Workers send periodic heartbeats to the backend. The default interval is 5 seconds.

Request

{
  "worker_id": "worker-abc-123",
  "state": "running",
  "active_job_ids": [
    "01961234-5678-7abc-def0-123456789abc",
    "01961234-5678-7abc-def0-987654321fed"
  ]
}

Response

{
  "state": "running",
  "visibility_timeout": 1800
}

The server can direct a worker to change state by returning a different state value (e.g., "quiet" or "terminate"). This enables server-initiated graceful shutdown.

Visibility Timeout

When a worker fetches a job, it is reserved for that worker via a visibility timeout (default: 1800 seconds / 30 minutes). If the worker does not ACK or FAIL the job within this period, the backend assumes the worker has crashed and makes the job available again.

Workers can extend the visibility timeout by sending heartbeats that include the job’s ID in active_job_ids. Each heartbeat resets the visibility timer for reported jobs.

FETCH Semantics

Workers fetch jobs by polling the backend:

POST /ojs/v1/jobs/fetch
{
  "queues": ["critical", "default"],
  "count": 5
}

The backend atomically claims up to count jobs, transitioning them from available to active. Jobs are returned in priority order within each queue, and queues are consumed in the order specified.

Concurrency

Workers declare a concurrency limit (default: 10) during registration. The worker MUST enforce this limit locally—it MUST NOT fetch new jobs when at capacity.

Graceful Shutdown

Workers handle operating system signals for coordinated shutdown:

Signal	Action
`SIGTERM`	Begin graceful shutdown (quiet → terminate after grace period)
`SIGINT`	Same as SIGTERM
`SIGTSTP`	Enter quiet mode only (stop fetching, keep processing)
`SIGCONT`	Resume from quiet mode to running

The default grace period is 25 seconds, aligned with Kubernetes’ default terminationGracePeriodSeconds of 30 seconds (leaving 5 seconds for container cleanup).

Shutdown Sequence

Receive SIGTERM
Transition to quiet — stop fetching new jobs
Wait for in-flight jobs to complete (up to grace period)
After grace period, transition to terminate — report incomplete jobs as failed
Deregister from backend
Exit

Dead Worker Recovery

The backend detects dead workers via heartbeat timeout (default: 30 seconds). When a worker misses its heartbeat:

Mark the worker as terminated
Recover jobs from the worker’s last reported active_job_ids
Transition recovered jobs to available (counting as a failed attempt)

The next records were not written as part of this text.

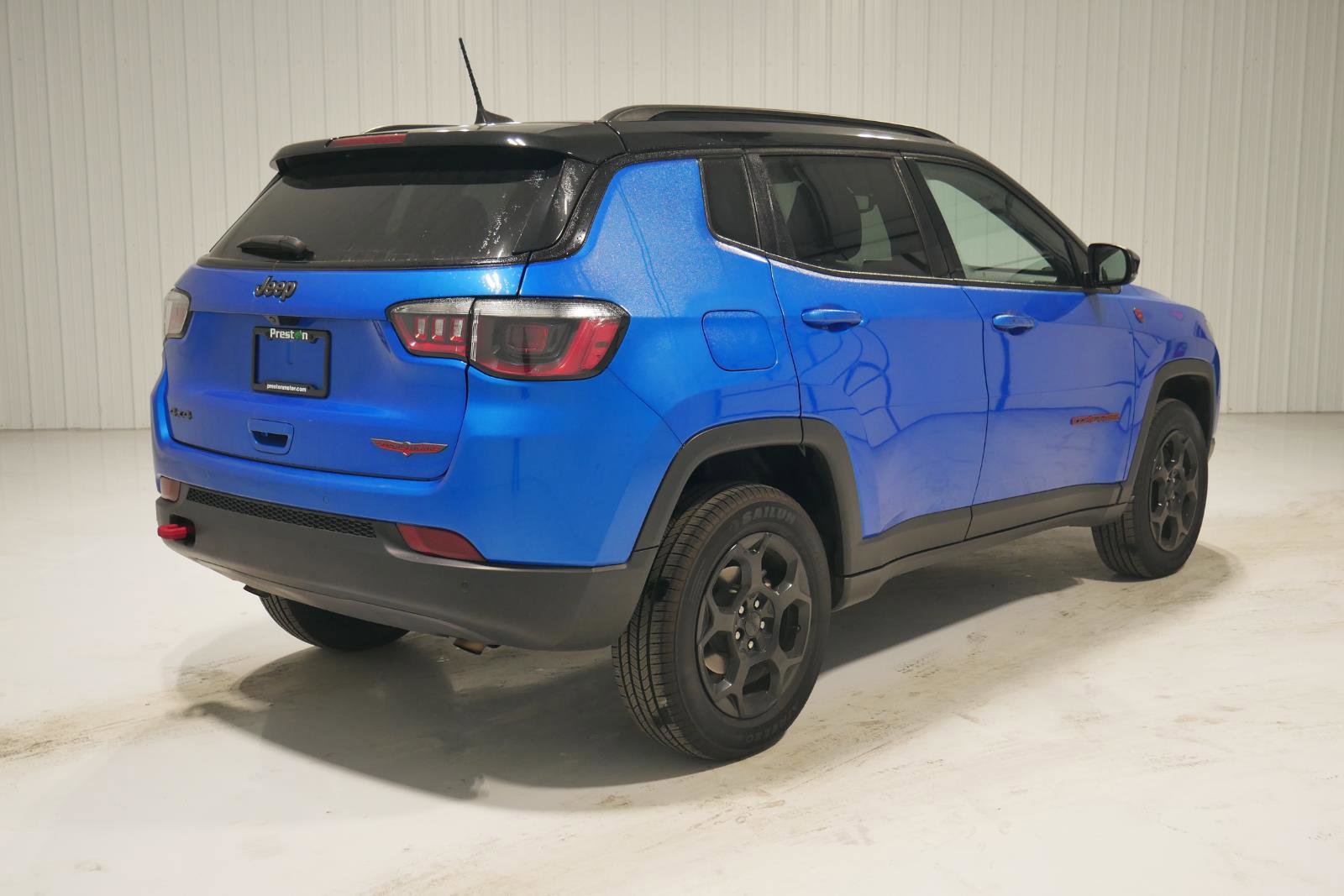 Used 2023 Jeep Compass Trailhawk image 5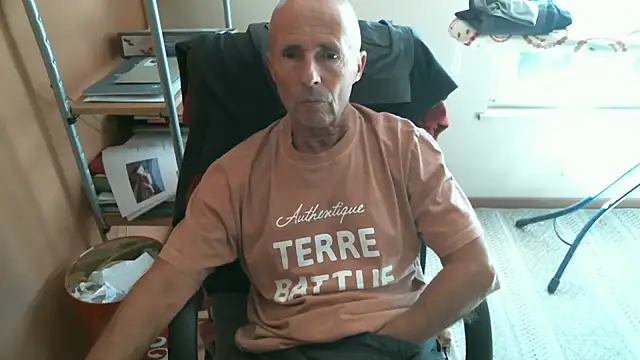 Snapshot of olibrius71 chatting on 10/07/25, 11:40 olibrius71 online show from 10/07/25, 11:40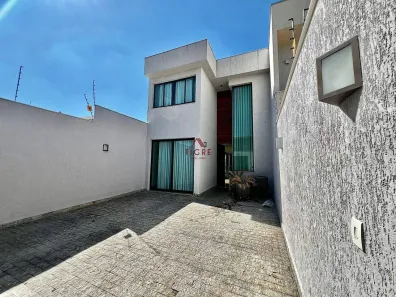Casa com 3 Quartos para alugar, 180m² no Planalto, Belo Horizonte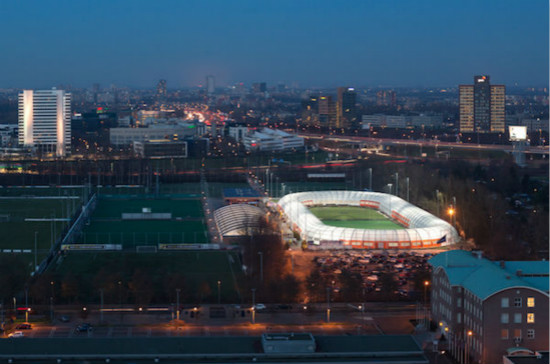 schaatsbaan-rotterdam-van-bovenaf_meitu_2.jpg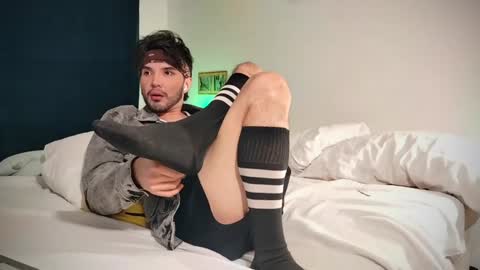 Snapshot of camilosaennz chatting on 02-07-25, 06:35 camilo online show from 02-07-25, 06:35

This ensures no job is permanently lost due to a worker crash.

Example: Normal Flow

Worker                          Backend
  |                                |
  |-- POST /workers/register ----->|  Register
  |<--- 200 OK -------------------|
  |                                |
  |-- POST /jobs/fetch ----------->|  Fetch jobs
  |<--- [job1, job2] --------------|
  |                                |
  |   (processing job1...)         |
  |                                |
  |-- POST /workers/heartbeat ---->|  Heartbeat (active: [job1, job2])
  |<--- {state: "running"} --------|
  |                                |
  |-- POST /jobs/{id}/ack -------->|  Complete job1
  |<--- 200 OK -------------------|
  |                                |
  |-- POST /jobs/{id}/ack -------->|  Complete job2
  |<--- 200 OK -------------------|